- reference-request fl.formal-languages circuit-complexity ho.history-overview context-free
- Updated Thu, 02 Jun 2022 13:01:26 GMT

Dyck languages $\mathsf{Dyck}(k)$ is defined by the following grammar $$ S \rightarrow SS \,|\, (_1 S )_1 \,|\, \ldots \,|\, (_k S )_k \,|\, \epsilon $$ over the set of symbols $\{(_1,\ldots,(_k,)_1,\ldots,)_k\}$. Intuitively Dyck languages are the languages of balanced parentheses of $k$ different kind. For example, $(\,[\,]\,)\,(\,)$ is in $\mathsf{Dyck}(2)$ but $(\,[\,)\,]$ is not.

In the paper

Dynamic Algorithms for the Dyck Languages by Frandsen, Husfeldt, Miltersen, Rauhe, and Skyum, 1995,

it is claimed that the following result is folklore:

$\mathsf{Dyck}(k)$ is $\mathsf{TC}_0$-complete under $\mathsf{AC}_0$ reductions.
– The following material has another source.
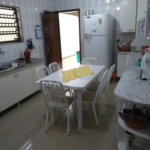 Sobrado com quartos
Is there any reference known for the above claim? In particular, I'm looking for any results that shows at least one of the following:

- $\mathsf{Dyck}(k)$ is in $\mathsf{TC}_0$ for arbitrary $k$.
- $\mathsf{Dyck}(k)$ is $\mathsf{TC}_0$-hard for arbitrary $k$.
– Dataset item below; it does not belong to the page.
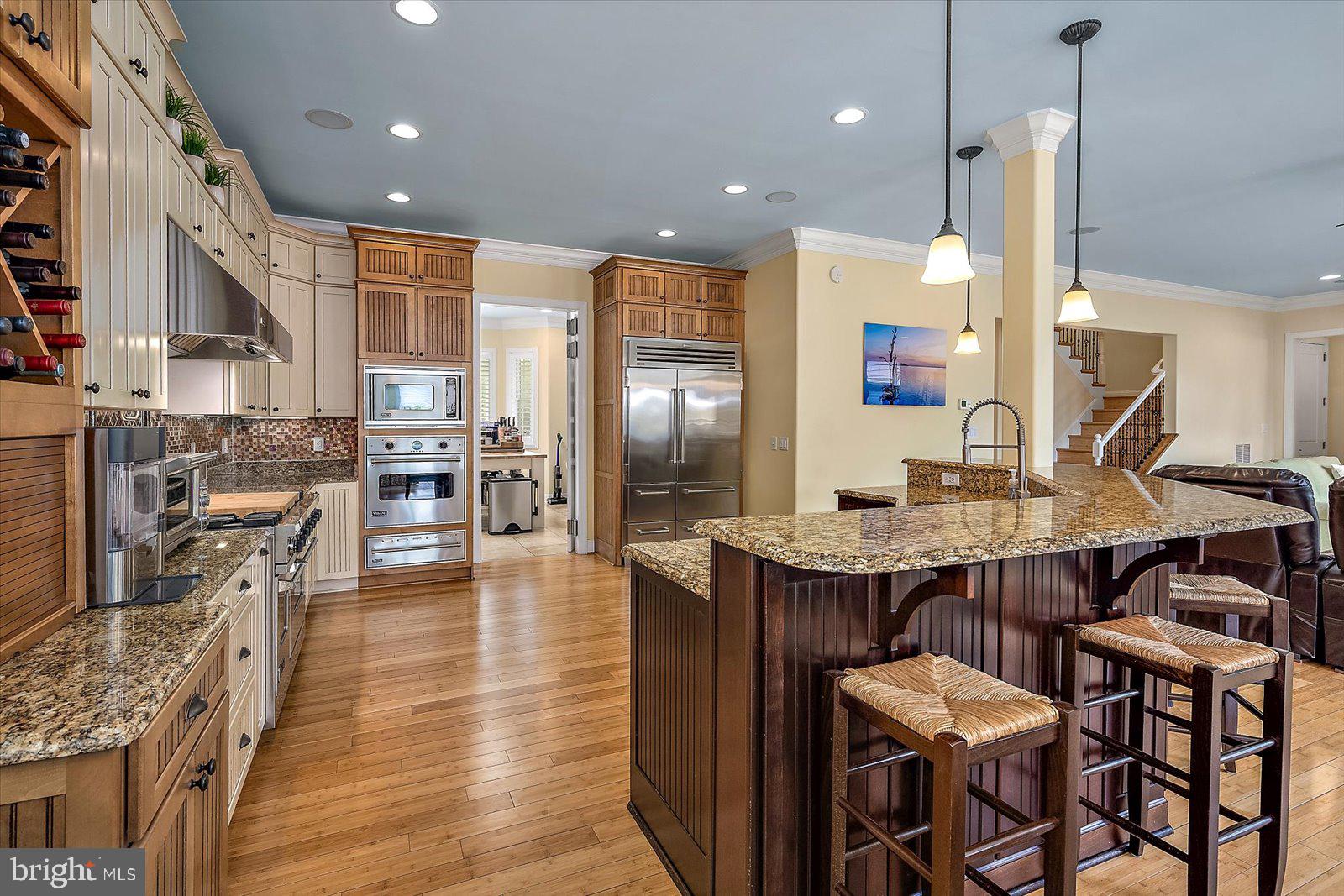 BAY POINT PLANTATION - Residential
The closest paper I can find is

Bi-Lipschitz Bijection between the Boolean Cube and the Hamming Ball, by Benjamini, Cohen, and Shinkar, 2013

which redirects me to the paper Log space recognition and translation of parenthesis languages by Lynch who proved that $\mathsf{Dyck}(1)$ (that is, normal balanced parentheses) is in $\mathsf{TC_0}$.

Any related papers are welcomed as well. Thanks!